### WORK REQUEST
Output, exactly and in full, only the lines from the one containing "107 Hunters Run Rd — Photo 8" to the last line of the data. Pictures should not appear.

(Caption-style text data)
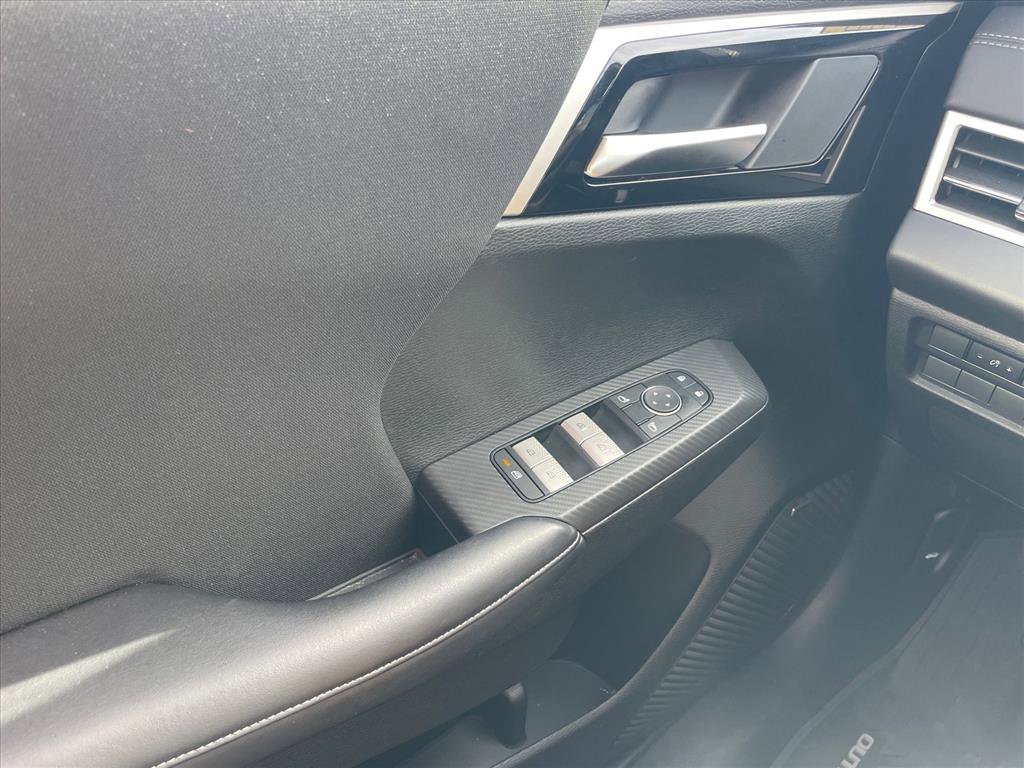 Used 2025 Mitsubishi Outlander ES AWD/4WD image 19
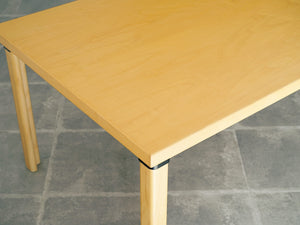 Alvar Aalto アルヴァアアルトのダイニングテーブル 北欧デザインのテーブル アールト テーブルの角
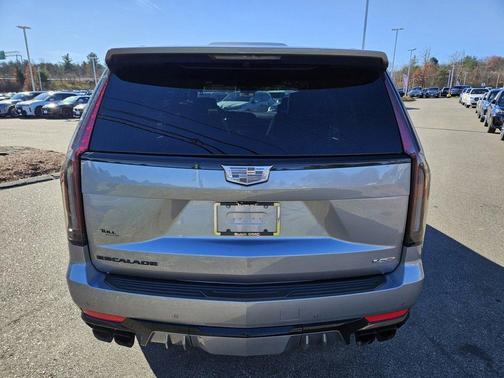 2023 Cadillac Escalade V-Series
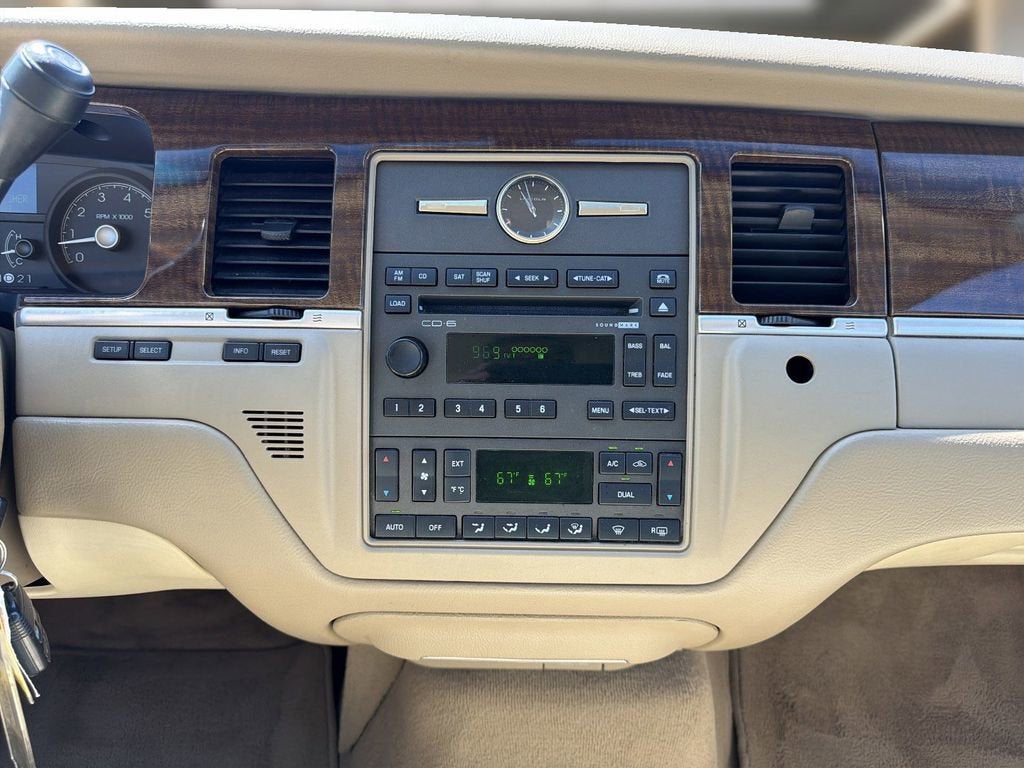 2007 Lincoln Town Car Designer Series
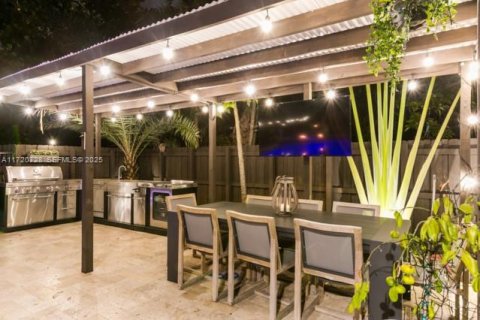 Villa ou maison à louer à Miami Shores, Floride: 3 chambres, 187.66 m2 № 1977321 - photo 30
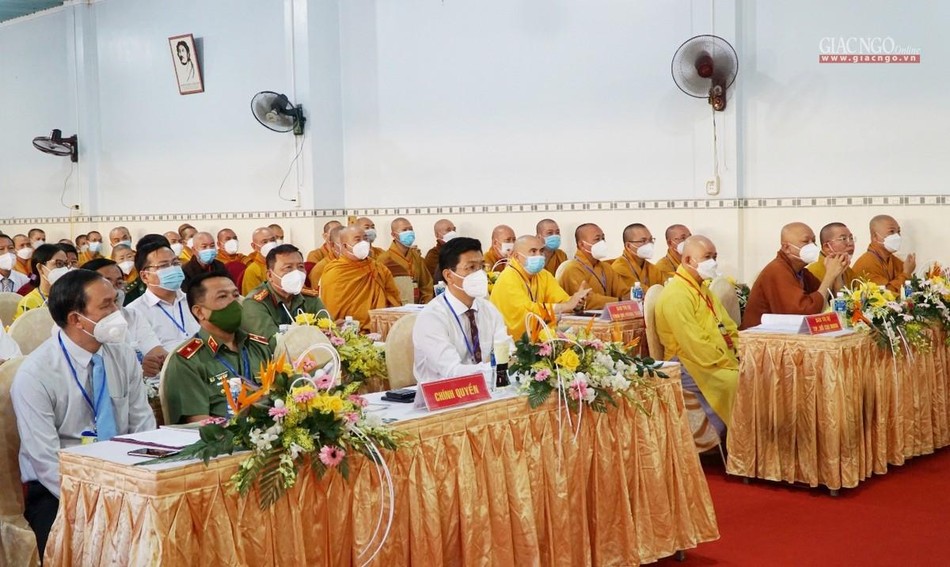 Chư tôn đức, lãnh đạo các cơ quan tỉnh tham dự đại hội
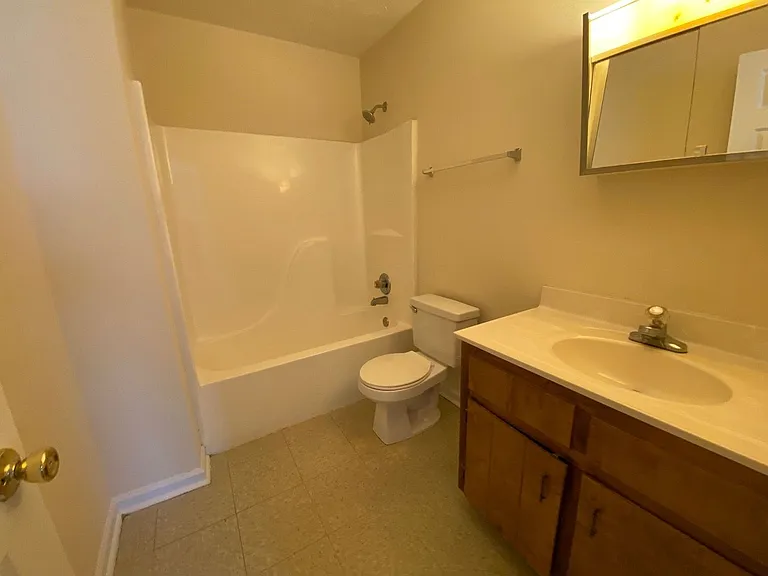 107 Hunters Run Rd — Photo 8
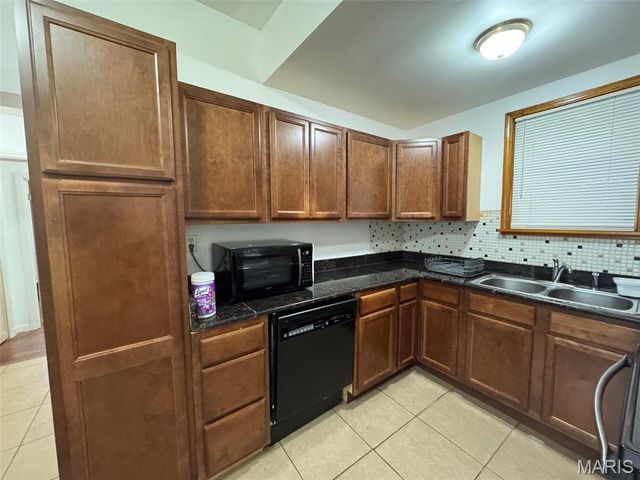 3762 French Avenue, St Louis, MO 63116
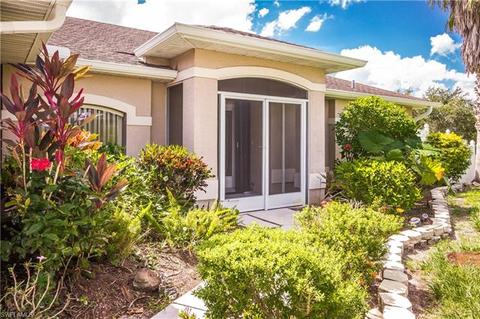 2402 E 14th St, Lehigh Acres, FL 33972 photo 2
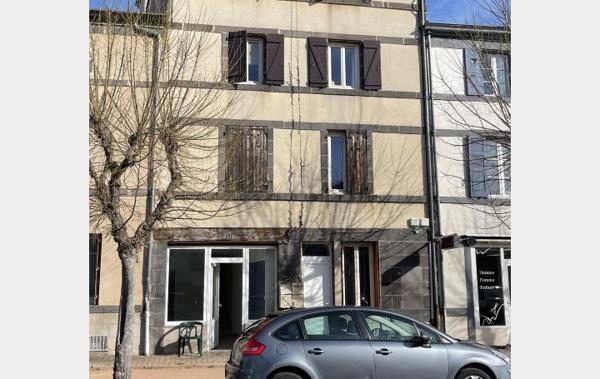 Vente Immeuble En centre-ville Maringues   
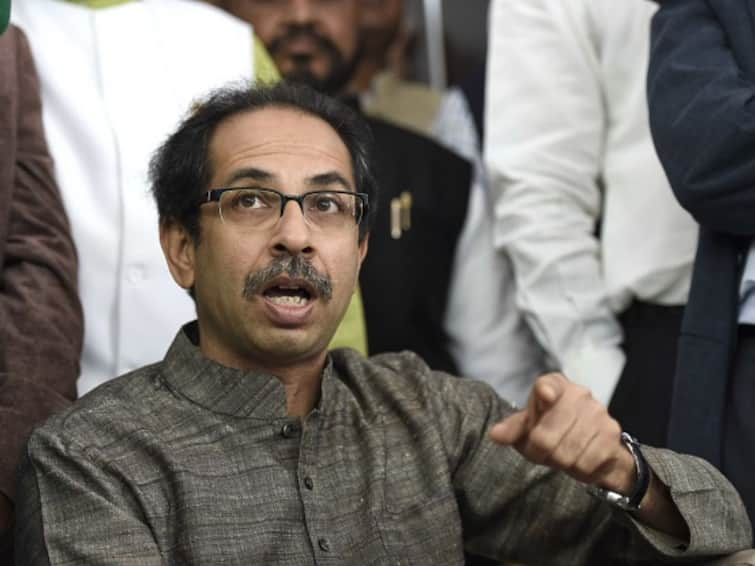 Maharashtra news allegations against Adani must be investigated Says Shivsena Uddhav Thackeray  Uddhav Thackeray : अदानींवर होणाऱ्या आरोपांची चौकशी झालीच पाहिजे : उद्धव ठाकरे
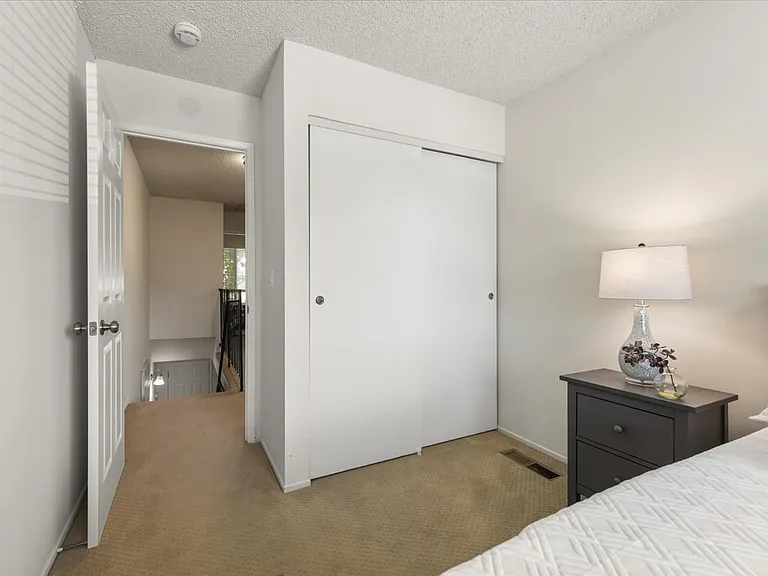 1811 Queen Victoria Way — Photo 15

### TASK RESPONSE
 107 Hunters Run Rd — Photo 8
 3762 French Avenue, St Louis, MO 63116
 2402 E 14th St, Lehigh Acres, FL 33972 photo 2
 Vente Immeuble En centre-ville Maringues   
 Maharashtra news allegations against Adani must be investigated Says Shivsena Uddhav Thackeray  Uddhav Thackeray : अदानींवर होणाऱ्या आरोपांची चौकशी झालीच पाहिजे : उद्धव ठाकरे
 1811 Queen Victoria Way — Photo 15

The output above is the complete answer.